(Beginning of Data)

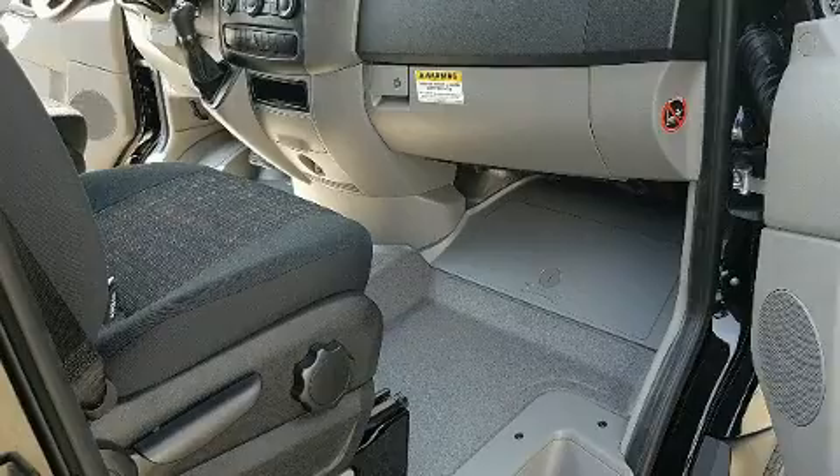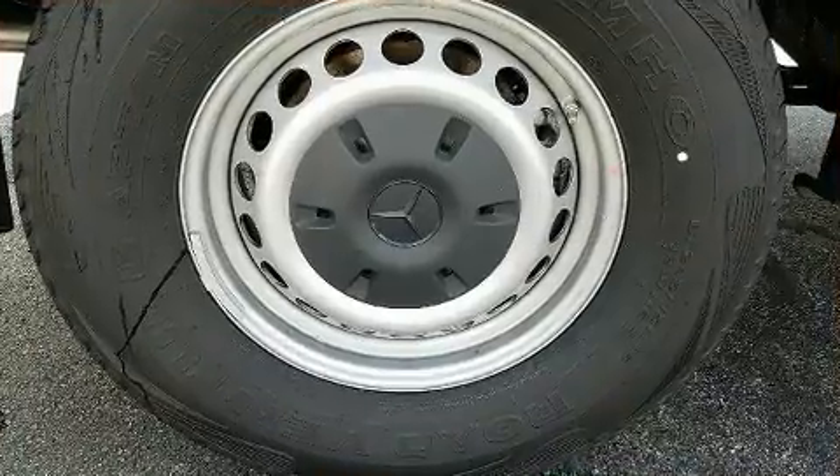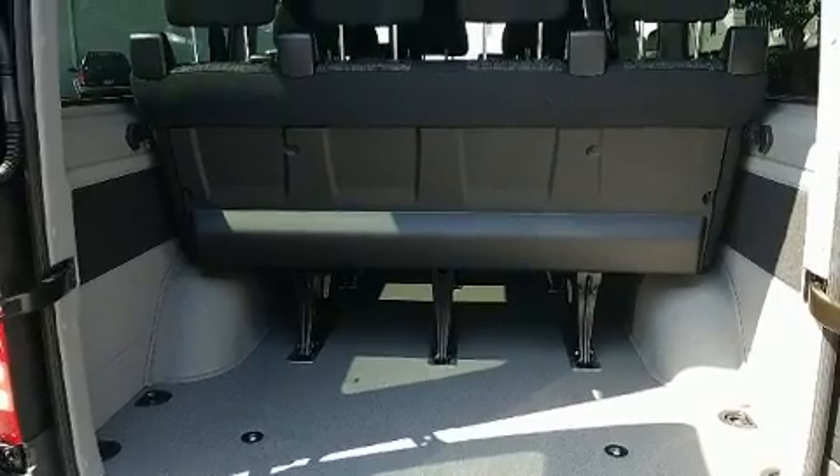Storage solutions are integrated throughout the interior, demonstrating thoughtful attention to detail. Audio features include an AM-FM radio and 13 speakers, ensuring optimum sound no matter where you're seated.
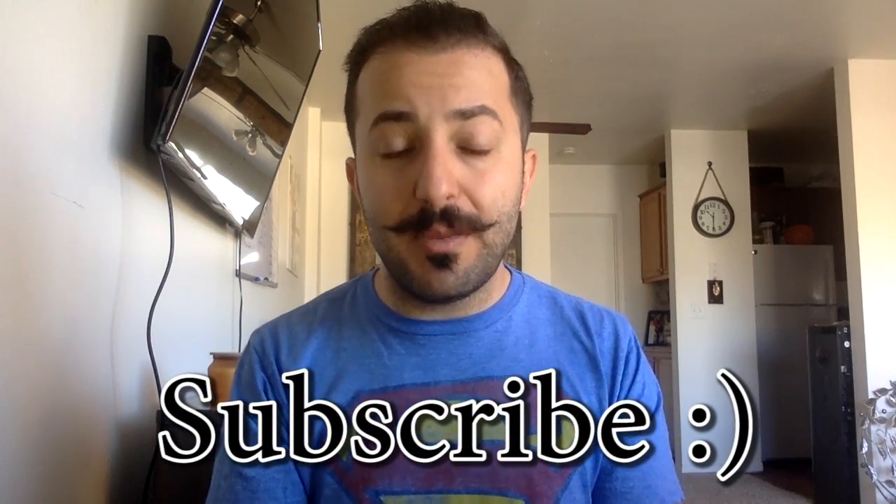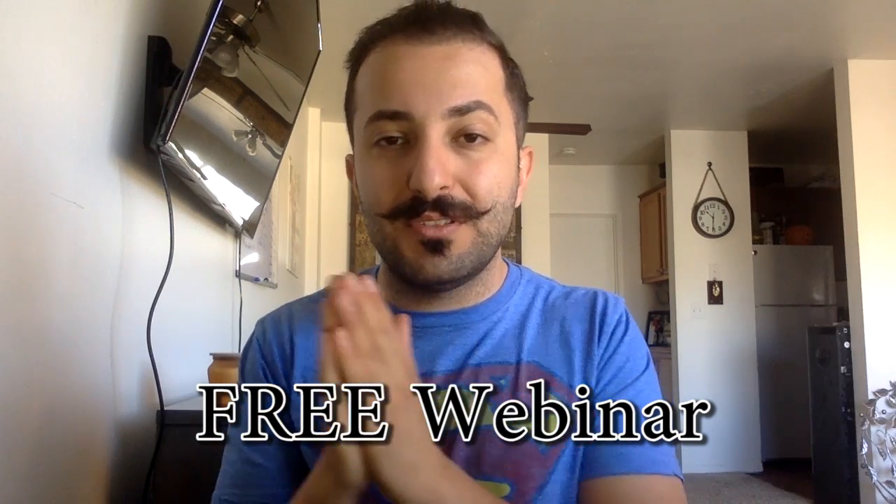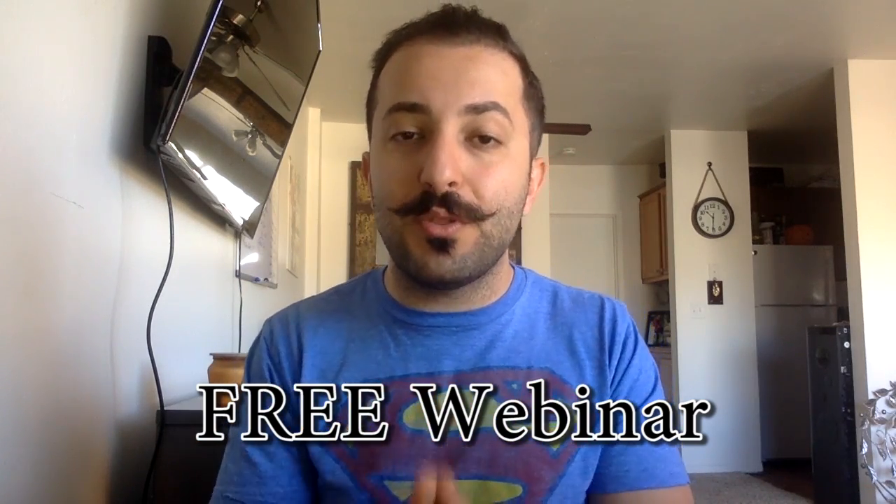Thank you again for tuning in. I really hope you guys found this video helpful. If you did, consider subscribing to my channel and give this video a thumbs up. The first link in the description is going to be to a webinar I've put together that will show you exactly step-by-step how I've been able to succeed on Amazon and provide success to many of my students, who were able to scale from zero to six and seven figures within a few short months. If that interests you, click on the first link in the description.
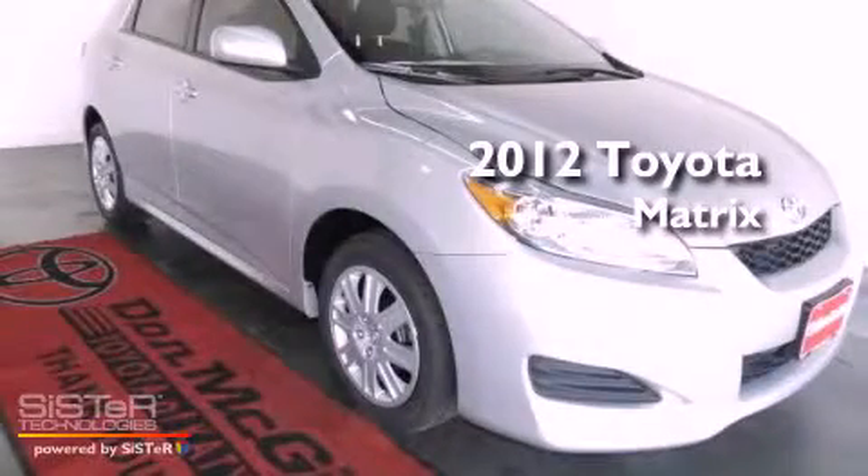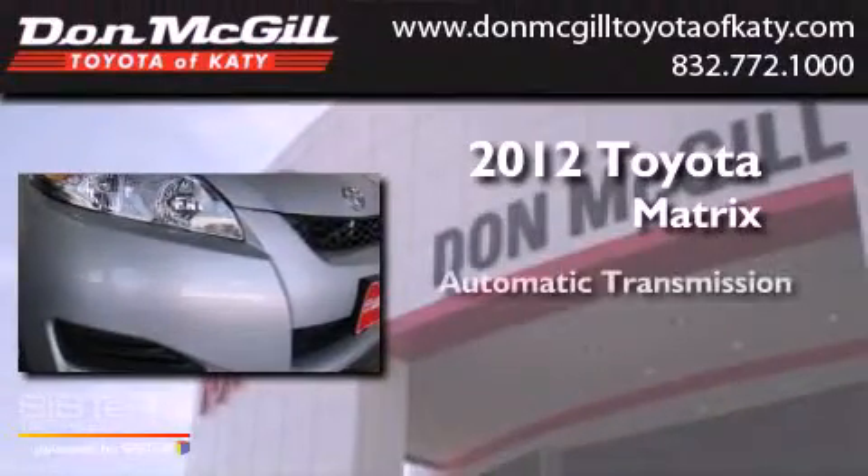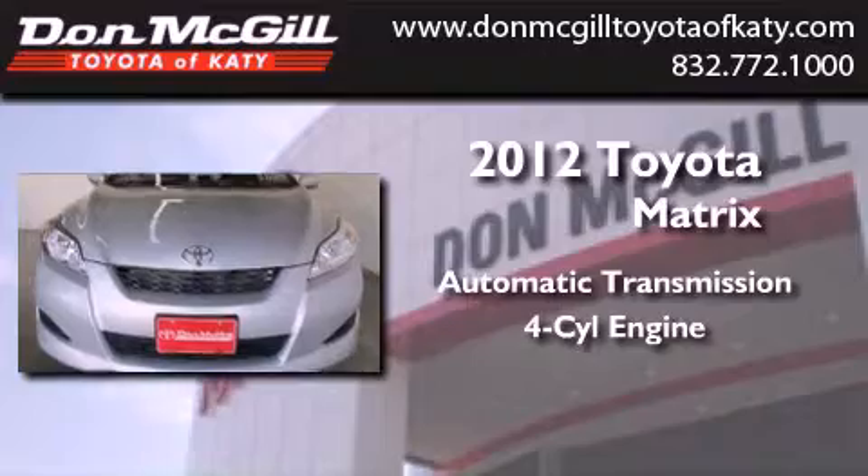This is a brand new 2012 Toyota Matrix. This compact has an automatic transmission and an inline 4-cylinder engine.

(End of Data)

Only the words belong in your copy: restate the data above exactly and leave the images out.

§ Final answer:
Storage solutions are integrated throughout the interior, demonstrating thoughtful attention to detail. Audio features include an AM-FM radio and 13 speakers, ensuring optimum sound no matter where you're seated.
Thank you again for tuning in. I really hope you guys found this video helpful. If you did, consider subscribing to my channel and give this video a thumbs up. The first link in the description is going to be to a webinar I've put together that will show you exactly step-by-step how I've been able to succeed on Amazon and provide success to many of my students, who were able to scale from zero to six and seven figures within a few short months. If that interests you, click on the first link in the description.
This is a brand new 2012 Toyota Matrix. This compact has an automatic transmission and an inline 4-cylinder engine.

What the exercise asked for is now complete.